[Materials provided]
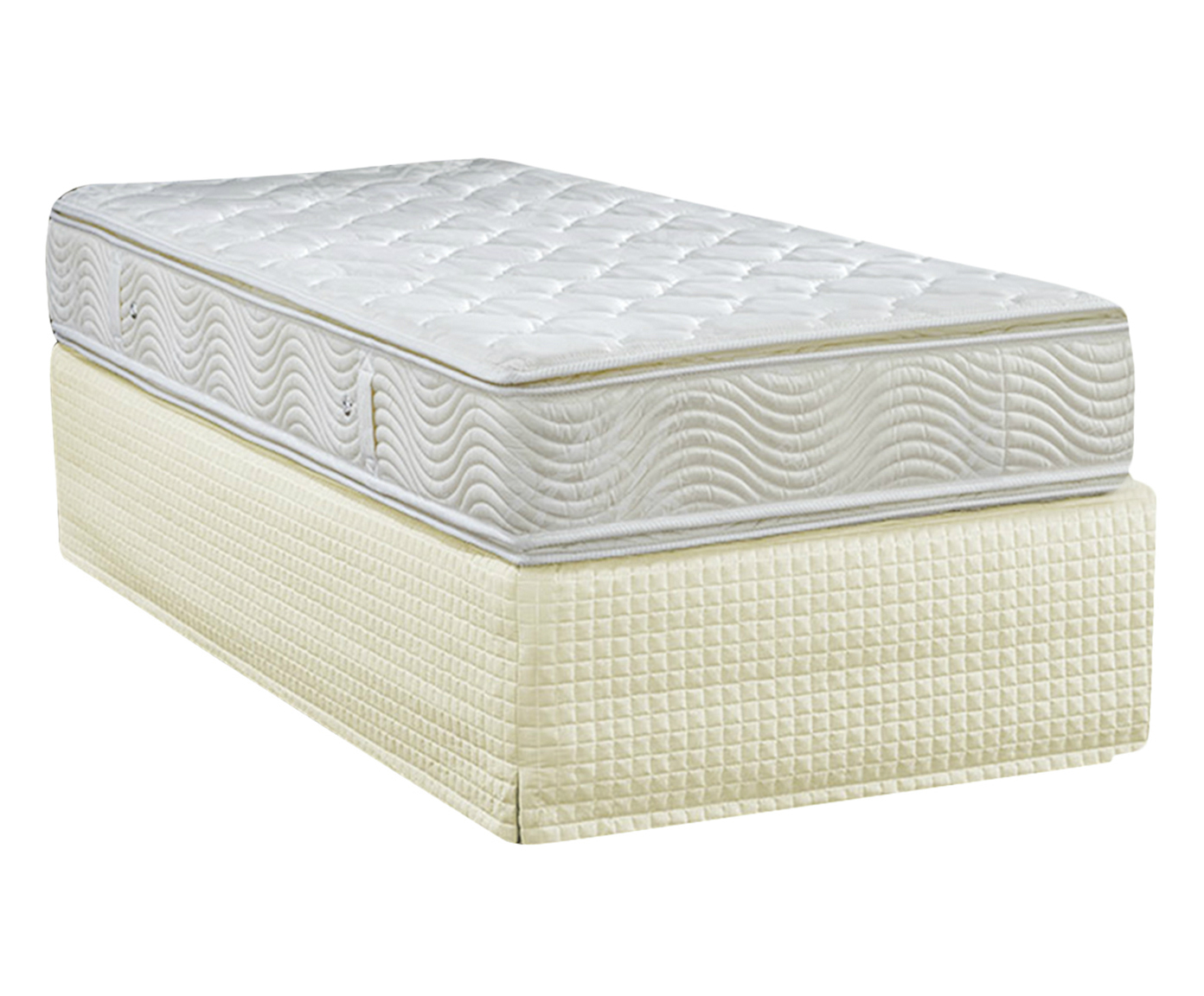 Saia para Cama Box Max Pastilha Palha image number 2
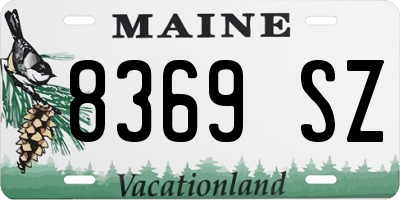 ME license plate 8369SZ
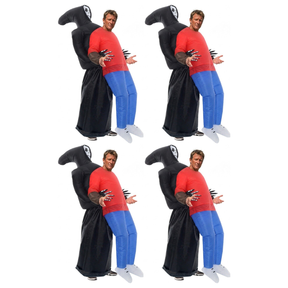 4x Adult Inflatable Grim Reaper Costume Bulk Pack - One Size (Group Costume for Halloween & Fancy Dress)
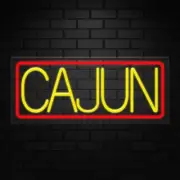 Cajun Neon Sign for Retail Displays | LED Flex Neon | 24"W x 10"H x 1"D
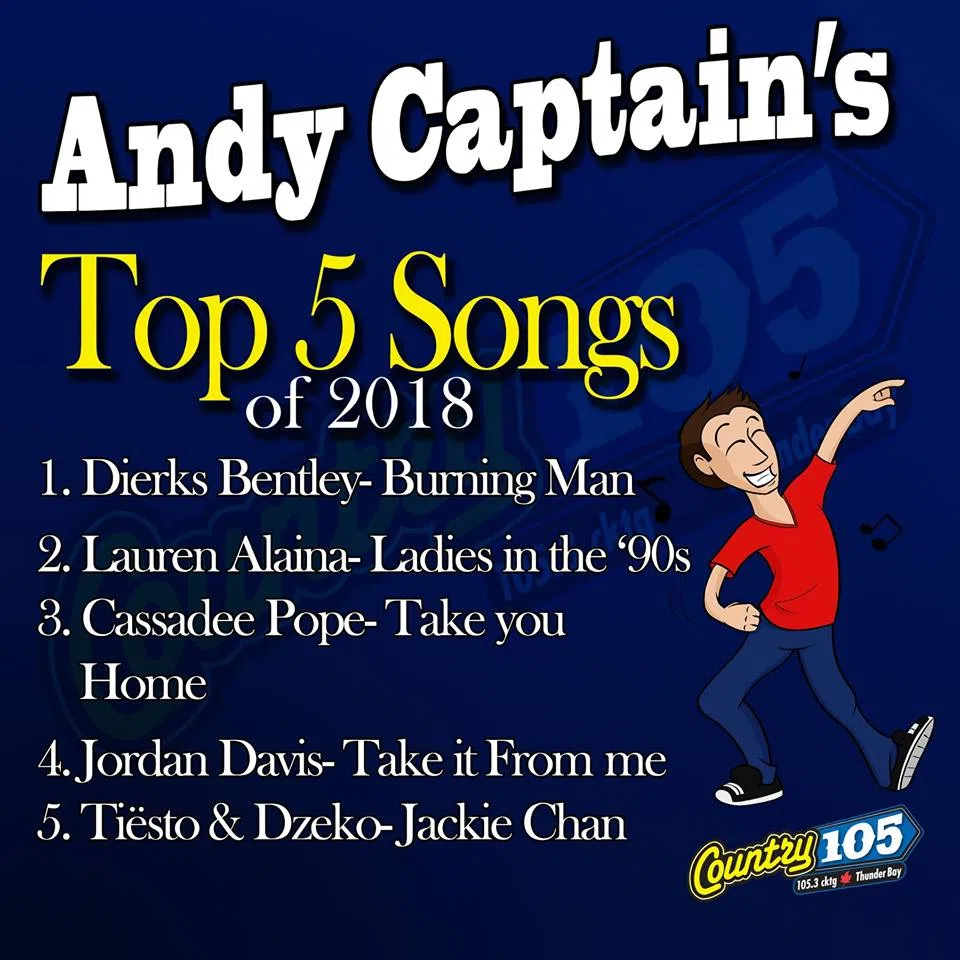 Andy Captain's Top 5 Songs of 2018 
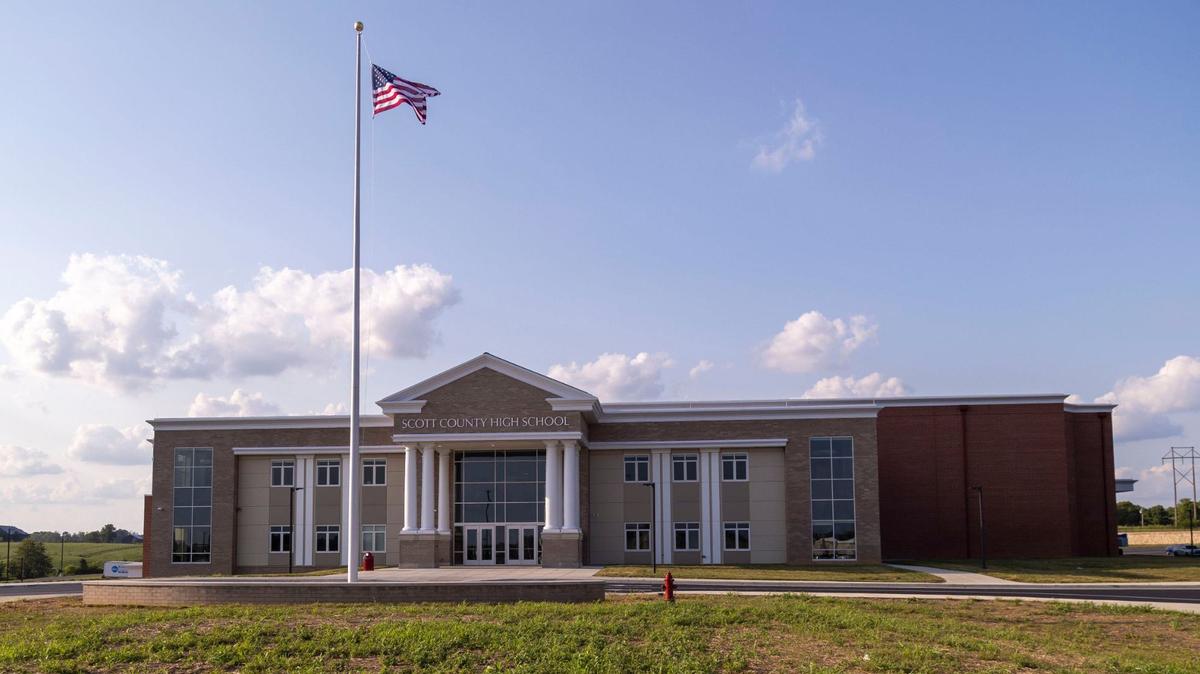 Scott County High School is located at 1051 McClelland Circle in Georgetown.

...

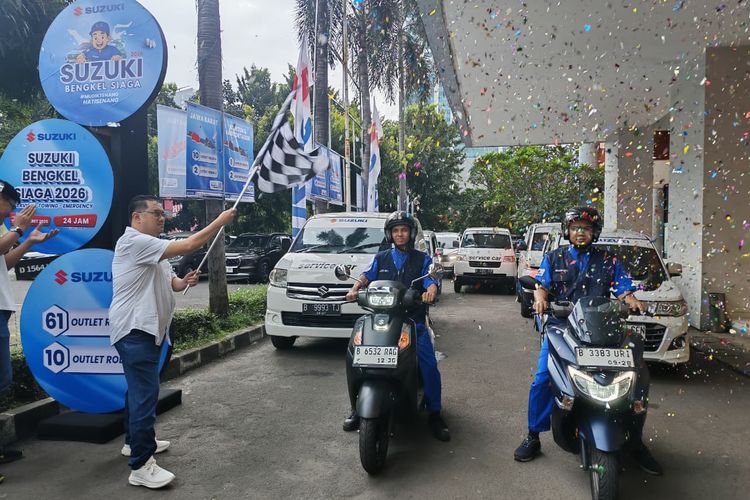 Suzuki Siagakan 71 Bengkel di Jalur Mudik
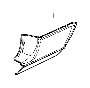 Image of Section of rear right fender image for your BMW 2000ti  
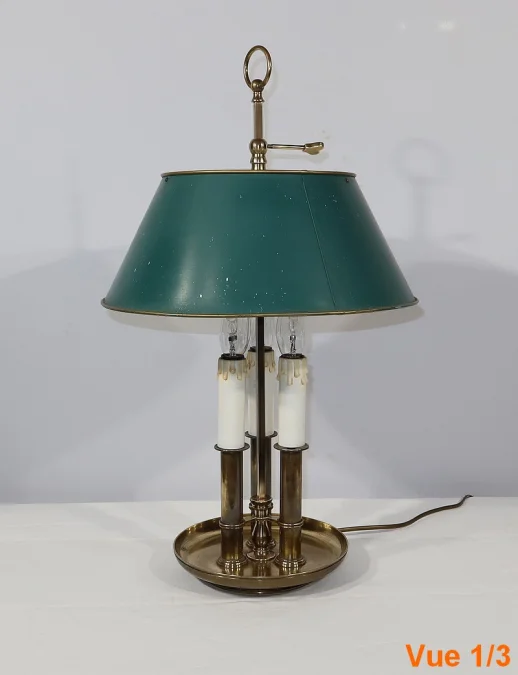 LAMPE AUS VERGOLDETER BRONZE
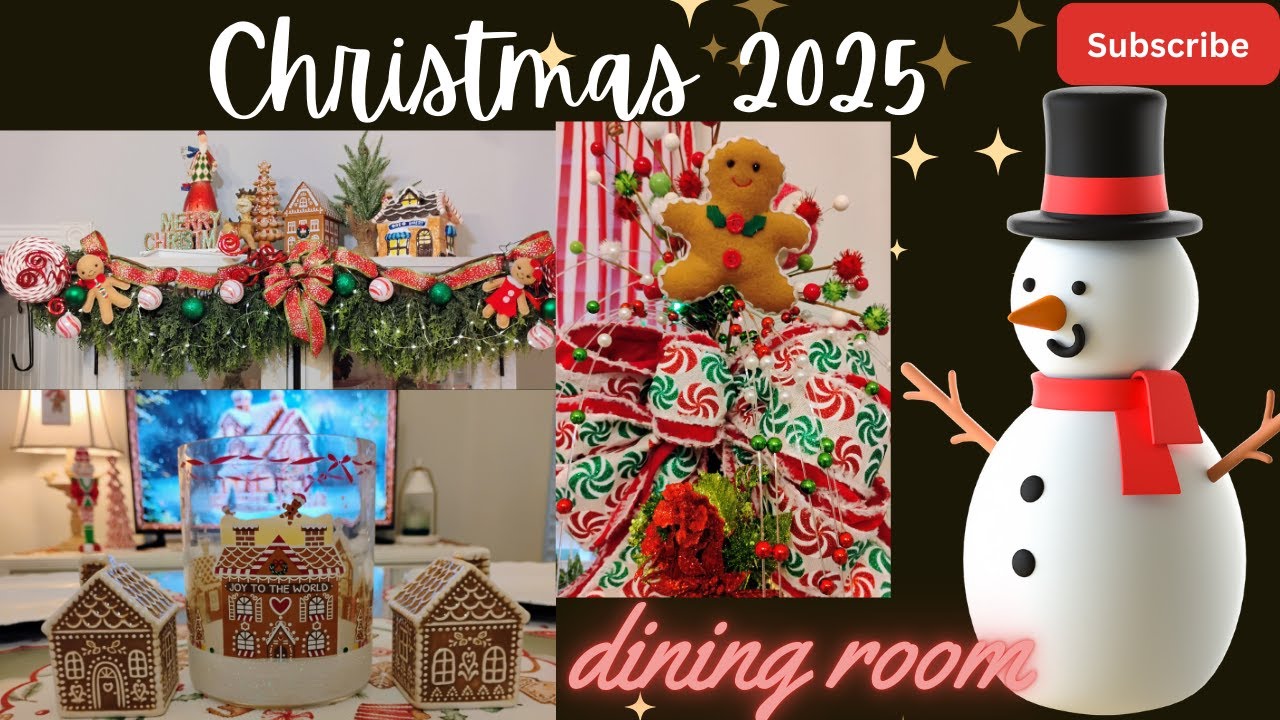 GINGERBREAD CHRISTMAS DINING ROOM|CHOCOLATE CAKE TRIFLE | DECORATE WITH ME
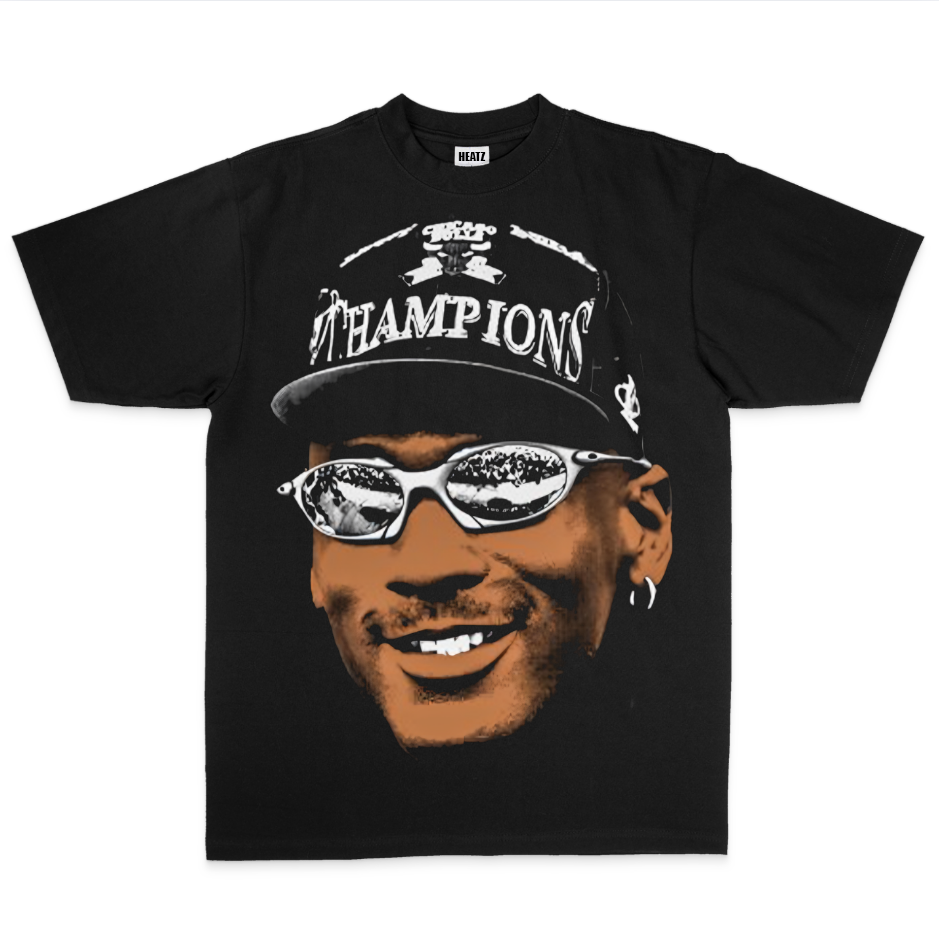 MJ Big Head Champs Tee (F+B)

--

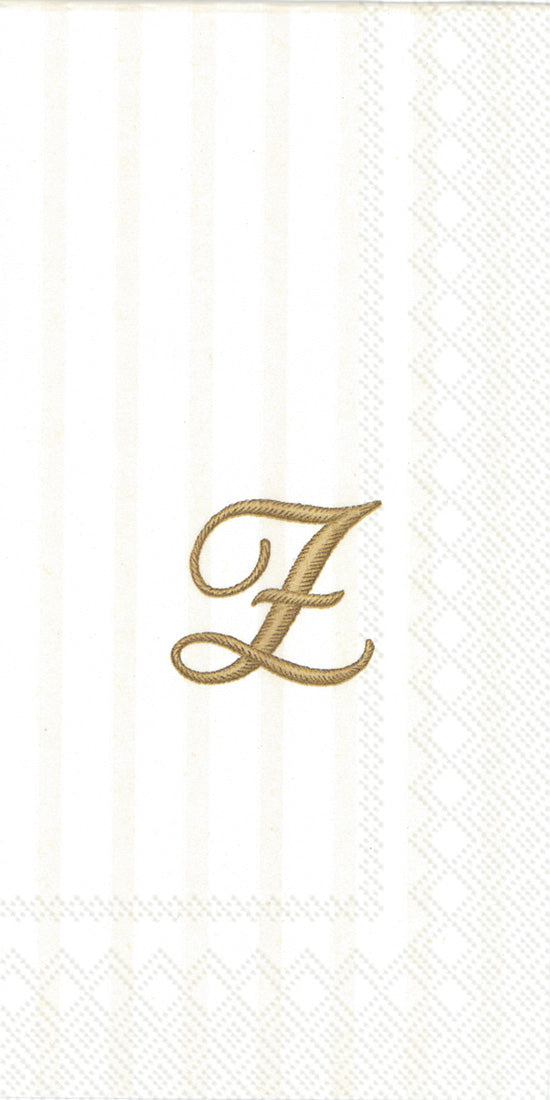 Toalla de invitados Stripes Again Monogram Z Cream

[Your objective]
With the pictures omitted, copy the entries above exactly from the line containing "Suzuki Siagakan 71 Bengkel di Jalur Mudik" through the line containing "MJ Big Head Champs Tee (F+B)", both lines included.

[Response to this task]
 Suzuki Siagakan 71 Bengkel di Jalur Mudik
 Image of Section of rear right fender image for your BMW 2000ti  
 LAMPE AUS VERGOLDETER BRONZE
 GINGERBREAD CHRISTMAS DINING ROOM|CHOCOLATE CAKE TRIFLE | DECORATE WITH ME
 MJ Big Head Champs Tee (F+B)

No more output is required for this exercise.